Kovid-19 salgını ile mücadelenin sağlık, ekonomi, kamu düzeni ve eğitim ayağını eş zamanlı yöneten Türkiye, pek çok açıdan pozitif yönde ayrışmayı da başardı.
İlk şok dalgasının atlatılmasından sonra şimdi özellikli süreç başlıyor. Yeni normali, halk arasındaki bir benzetmeden esinlenerek yorumlayacak olursak...
"Türk gibi başla, İngiliz gibi devam et, Alman gibi sonuçlandır!"

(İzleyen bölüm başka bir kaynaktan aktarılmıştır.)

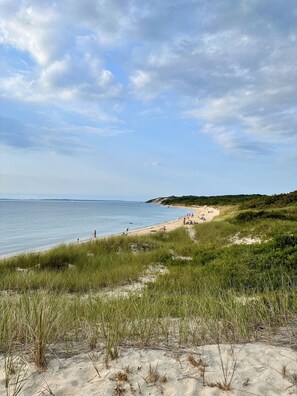 Beach - Entire home in West Tisbury, Massachusetts minutes from Lambert's Cove (West Tisbury)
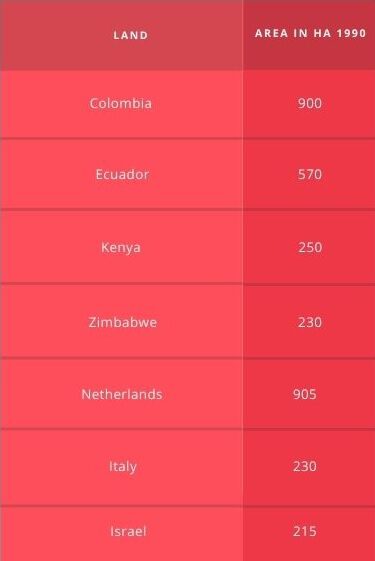 John Pouw - Rosa's secret chapter 11 - table ha per country - on thursd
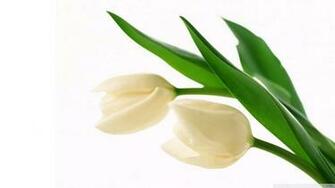 White Tulips Wallpaper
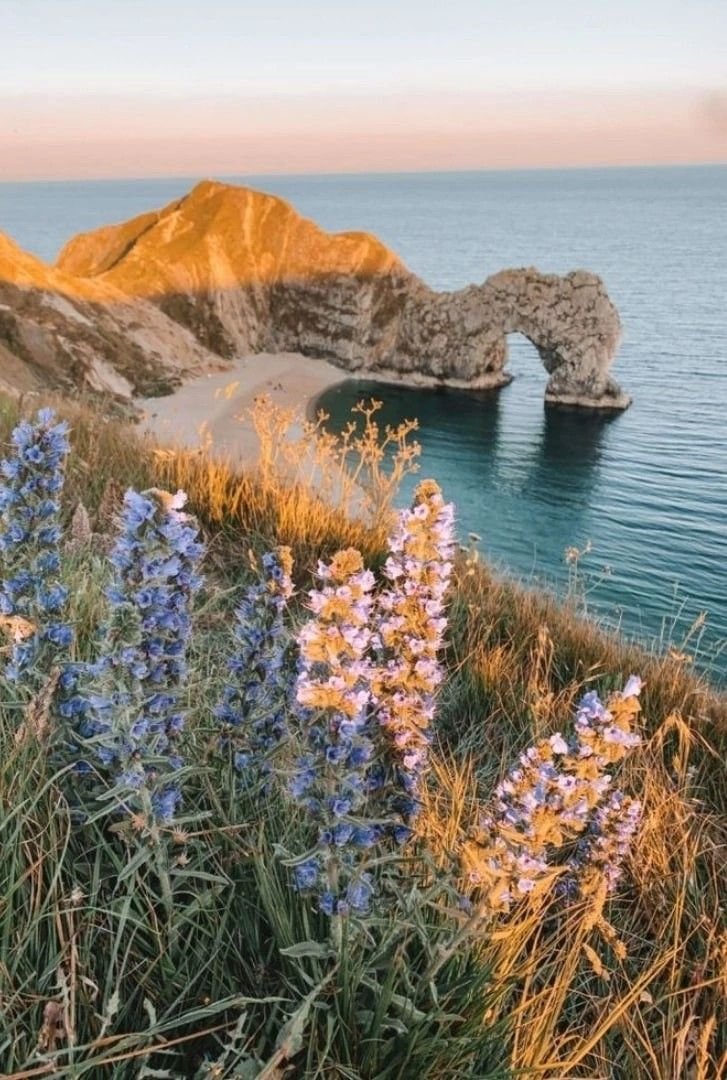 This may contain: wildflowers growing on the side of a cliff by the ocean with an arch in the background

Tehdit anlarında hızlı refleks gösteren halkımız, normalleşme sinyalleri aldığında rehavet ile cesaret arasındaki bir noktada gidip gelebiliyor. Ve her iki durum da nihai toplumsal maliyeti artırıyor. Yani, ilk günkü ciddiyet, kararlılık ve fedakârlıkla yol almak büyük önem taşıyor. Zira pandemi günlerinden siyasi ve ekonomik kriz türemesi için yanıp tutuşan, iflah ve ıslah olmaz bir grup içeride ve dışarıda pusudaki bekleyişini sürdürüyor...
***
Cumhurbaşkanı Tayyip Erdoğan'ın koordinasyonunda,***
Kuşkusuz, mart-mayıs ayları arasındaki kritik günlerin ayrı ayrı siyasi ve bürokratik kahramanları, sağlık çalışanından sade vatandaşa uzanan yelpazede gurur abideleri var. Hepsini şükranla yad ederek hayatın -kontrollü de olsa- normalleşmeye başladığı şartlarda, "gençlerin ve genç işsizliği meselesinin" özel olarak ele alınmasının hayati derecede önemli olduğunu vurgulamak istiyorum. Halihazırdaki evrede, temel tüketim ihtiyaçlarının karşılanması ile çarkların dönmesi için açılan kredi paketleri yerinde ve gerekli. Evet, işletmelerin üretime dönmesi, iş yerlerinin açılması ciddi bir adım. Fakat beyaz yakalılardan başlanarak işletmelerin istihdama dönük farklı tedbirleri düşündüğü hesaba katılırsa, hane halkları da muhalif odaklarca kolaylıkla manipüle edilebilir. Gençlerin beklentilerinin yönetimi, umutlarının canlı tutulması, aynı zamanda ailelerin korunması, olası siyasi mühendislik faaliyetlerinin de bertaraf edilmesi anlamına geliyor.